**Action item**
Repeat only the lines below that run from the line with "Beefy Industrial Grade" to the line with "Global water circulation", ends included; skip every picture.

**Source records**

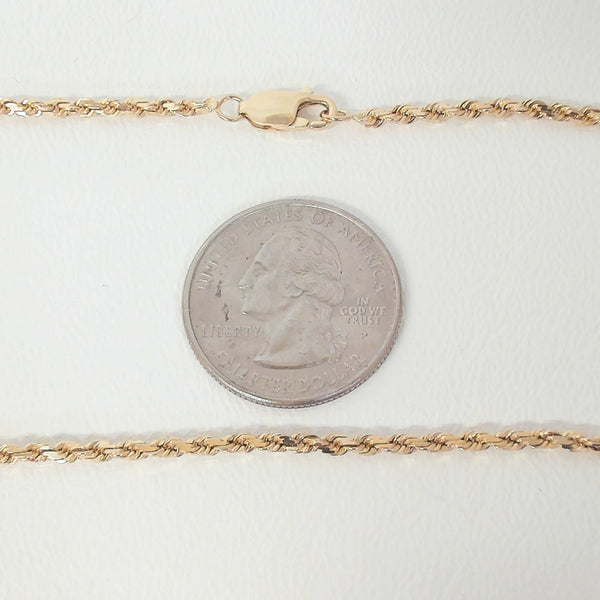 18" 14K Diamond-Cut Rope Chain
...
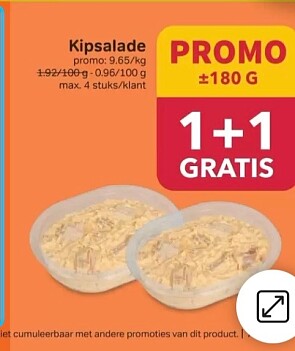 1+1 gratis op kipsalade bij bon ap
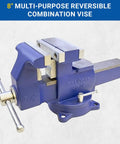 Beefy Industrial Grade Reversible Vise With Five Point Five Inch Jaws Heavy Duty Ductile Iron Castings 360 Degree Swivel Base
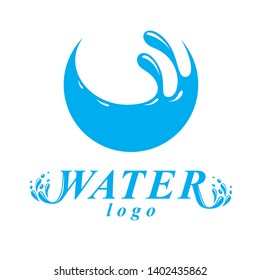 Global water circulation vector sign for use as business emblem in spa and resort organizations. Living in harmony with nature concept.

**Final answer**
 Beefy Industrial Grade Reversible Vise With Five Point Five Inch Jaws Heavy Duty Ductile Iron Castings 360 Degree Swivel Base
 Global water circulation vector sign for use as business emblem in spa and resort organizations. Living in harmony with nature concept.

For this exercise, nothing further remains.